> _Problem statement_
Beneath this task are records; print exactly the stretch of them from the line with "Husa MagSafe pentru" through the line with "LASPERAL RAJUT BATWING", both ends included.
___ Records for this task ___
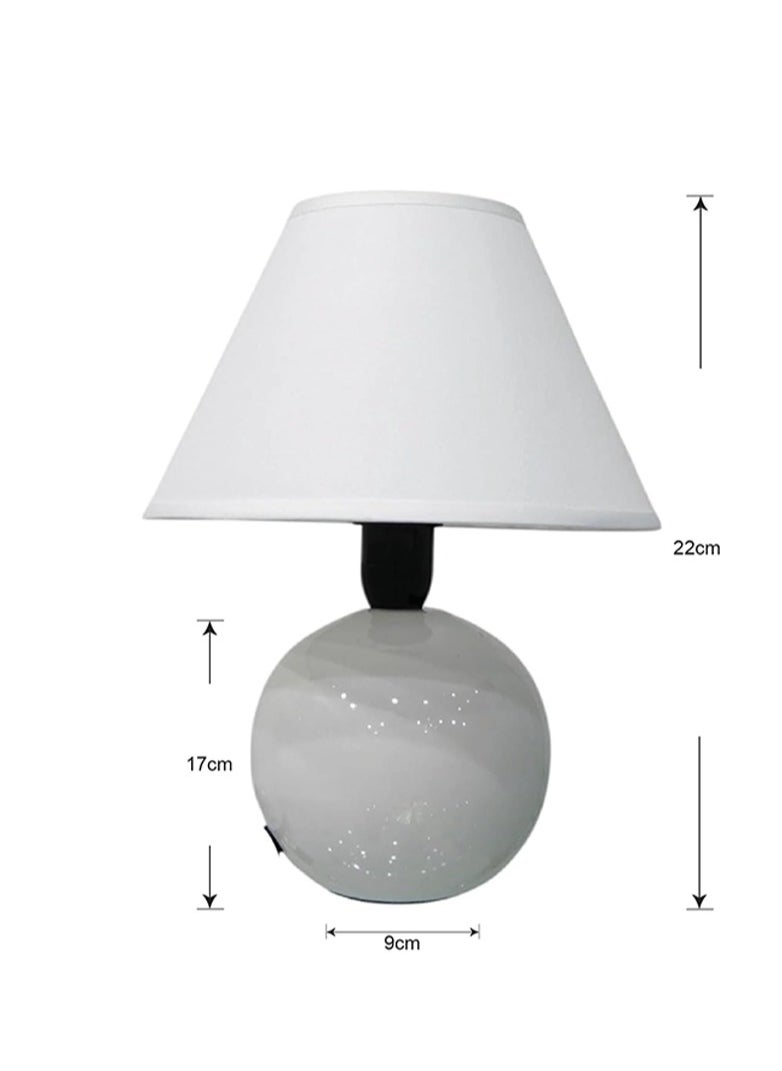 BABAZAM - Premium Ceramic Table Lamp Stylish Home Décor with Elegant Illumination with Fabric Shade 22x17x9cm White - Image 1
___
___ Records for this task ___
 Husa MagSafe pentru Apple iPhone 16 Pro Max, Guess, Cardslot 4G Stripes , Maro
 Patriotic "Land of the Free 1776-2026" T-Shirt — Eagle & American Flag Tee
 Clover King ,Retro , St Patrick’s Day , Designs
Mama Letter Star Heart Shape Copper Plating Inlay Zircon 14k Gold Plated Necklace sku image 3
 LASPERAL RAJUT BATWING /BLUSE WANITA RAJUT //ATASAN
___
> _Expected answer_
 Husa MagSafe pentru Apple iPhone 16 Pro Max, Guess, Cardslot 4G Stripes , Maro
 Patriotic "Land of the Free 1776-2026" T-Shirt — Eagle & American Flag Tee
 Clover King ,Retro , St Patrick’s Day , Designs
Mama Letter Star Heart Shape Copper Plating Inlay Zircon 14k Gold Plated Necklace sku image 3
 LASPERAL RAJUT BATWING /BLUSE WANITA RAJUT //ATASAN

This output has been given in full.